The pension system in Pakistan has been a topic of debate for over a decade, with questions being asked on policy decisions regarding funding and structural inadequacies in pension management.
The decision in 2009 to include future retirees in pension increments has had a compounding impact on the financial burden faced by the government, meaning that each new pension increment has been applied to an expanding pool of beneficiaries.
While the magnitude of the problem is evident, the politicisation of pensions, both civil and military, poses significant hurdles to any debate on the issue and/or implementing necessary changes.
At present, the pension bill has risen to unsustainable levels, taking up a considerable portion of the government’s revenue and tax income. Over the last five years, the federal pension bill has witnessed a fourfold increase, reaching a staggering Rs1.01 trillion in the fiscal year 2025, indicating a 26% increase from the previous year; at this rate, it would result in an expected annual growth rate of 22-25 per cent over the next 35 years.
The pension system in its current form promises predetermined benefits upon retirement, without requiring contributions from employees during their service years which puts the entire burden of the pension system on the government.
Given the average life expectancy of 67 years and retirement age of 60 years, an assured benefit of 30 years with transfer of benefits to family members post the pensioner’s demise also creates a further burden.
Crucial learnings from international experiences offer efficient solutions that can help build a reliable pension system that is both financially sustainable and socially equitable.
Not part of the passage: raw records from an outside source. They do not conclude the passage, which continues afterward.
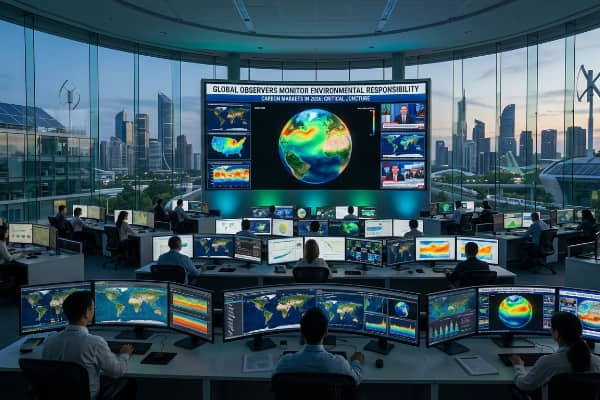 global-climate-data monitoring-center with-analysts-at-work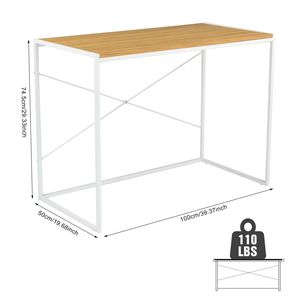 Scrivania per computer in MDF bianco con Triamine 100x50x75cm - Product Image 6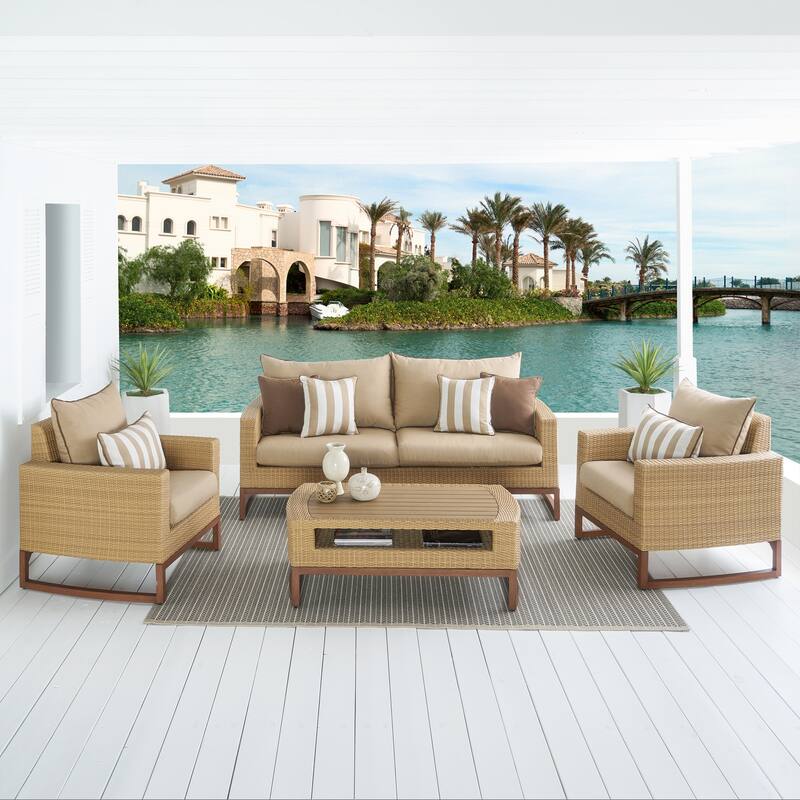 Milea 4 Piece Sunbrella Outdoor Patio Seating Set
For instance, in Sweden, a comprehensive multi-pillar model has been designed to provide financial security in retirement through a blend of public and private contributions.
The first pillar, referred to as income pension, operates on a pay-as-you-go (PAYG) basis, with 18.5% of an individual’s earnings contributed towards their pension.
The federal pension bill has increased fourfold in the last five years, and in the fiscal year 2025, it reached an astounding Rs1.01 trillion, up 26% from the year before. If this trend continues, the bill is expected to grow at an annual rate of 22–25% for the next 35 years.
The existing pension system places all of the financial burden on the government because it only requires contributions from employees during their service years and offers predefined benefits upon retirement.
With a retirement age of 60 years and an average life expectancy of 67 years, an assured benefit of 30 years that transfers benefits to surviving family members after the pensioner’s death also adds to the burden.